I have a list of products that have an ID and a Quantity, and I need to find a list of combinations of products that will fill a certain quantity.

E.g.

ProductID | Quantity
1         | 5
2         | 5
3         | 8
4         | 15

If I require a quantity of 15 then I want to get a list with the following combinations:

Products: {1, 2, 3}, {1, 3, 2}, {1, 2, 4}, {1, 3, 4}, {1, 4}
          {2, 1, 3}, {2, 1, 4}, {2, 3, 1}, {2, 3, 4}, {2, 4}
          {3, 1, 2}, {3, 1, 4}, {3, 2, 1}, {3, 2, 4}, {3, 4}
          {4}

It's almost a permutation, but it's filtered out entries that sum up to more than what is required. I need to stop taking further items, if at any point, the current total sum of values goes beyond 15. Doing this way, if I had all permutations then I would have 24 results, but I only have 16.

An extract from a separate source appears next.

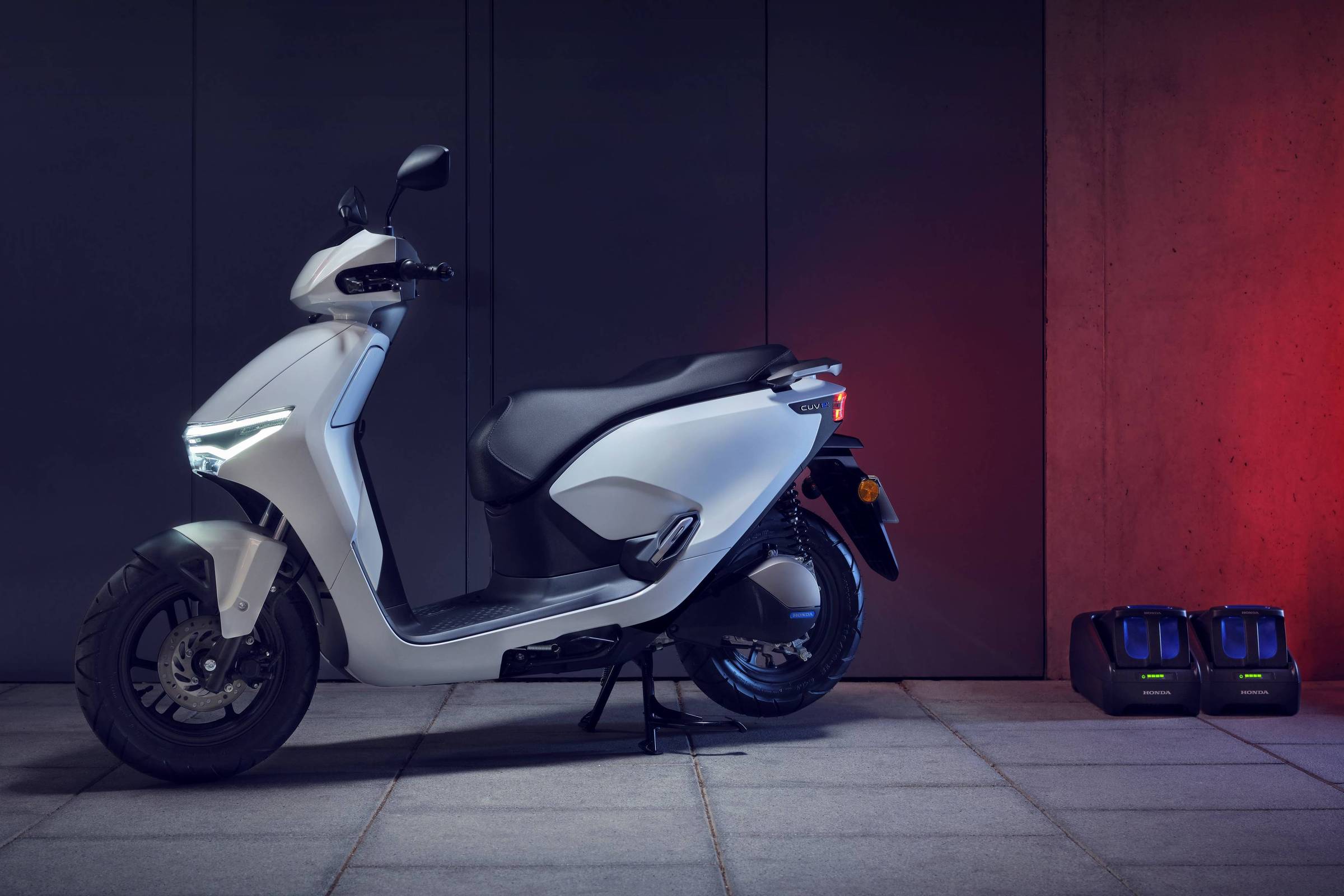 Honda apresenta novo scooter elétrico na Europa, mas segue tímida no segmento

E.g. if I take product 4 then I don't need to combine it with anything to make 15. Similarly, if I take product 1 then take product 4, I don't need to pick up anymore item since the sum is already beyond 15 (5 + 15 = 20).

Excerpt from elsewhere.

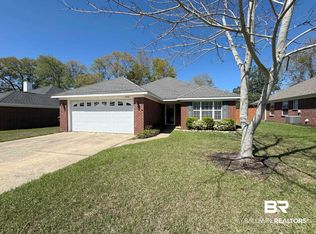 8209 Edgewood Dr, Daphne, AL 36526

I was able to get the code working by getting all Permutations (e.g. here) and then filtering that down to the ones I care about, however once you start getting a large number of products (e.g. 30) then you end up with 4.3 Billion combinations which causes out of memory exceptions.

How can I create only the required permutations in C#?

Answer 1

looks like only two rule:
1. elements picked are distinct.
2. sum of picked elements' qty must greater then goal, not just only equal to goal.

My example add some interface for sorting. Every kind of combination that can reach goal are listed. But I trying to list in unique form for reading. You can to oringinal expand job within each combination.

PS. for order purpose I add IComparable, not very important.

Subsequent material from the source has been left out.